-- DATA TO EXAMINE --

┄┄┄┄┄┄

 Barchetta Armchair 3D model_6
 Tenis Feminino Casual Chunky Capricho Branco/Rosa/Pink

┄┄┄┄┄┄

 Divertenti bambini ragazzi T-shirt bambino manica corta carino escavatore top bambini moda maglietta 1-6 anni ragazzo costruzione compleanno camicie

┄┄┄┄┄┄

-- WORK ORDER --
Using the data above, reproduce exactly the lines from the line that contains "Barchetta Armchair 3D model_6" through the line that contains "Tenis Feminino Casual", including both.

-- REPLY --
 Barchetta Armchair 3D model_6
 Tenis Feminino Casual Chunky Capricho Branco/Rosa/Pink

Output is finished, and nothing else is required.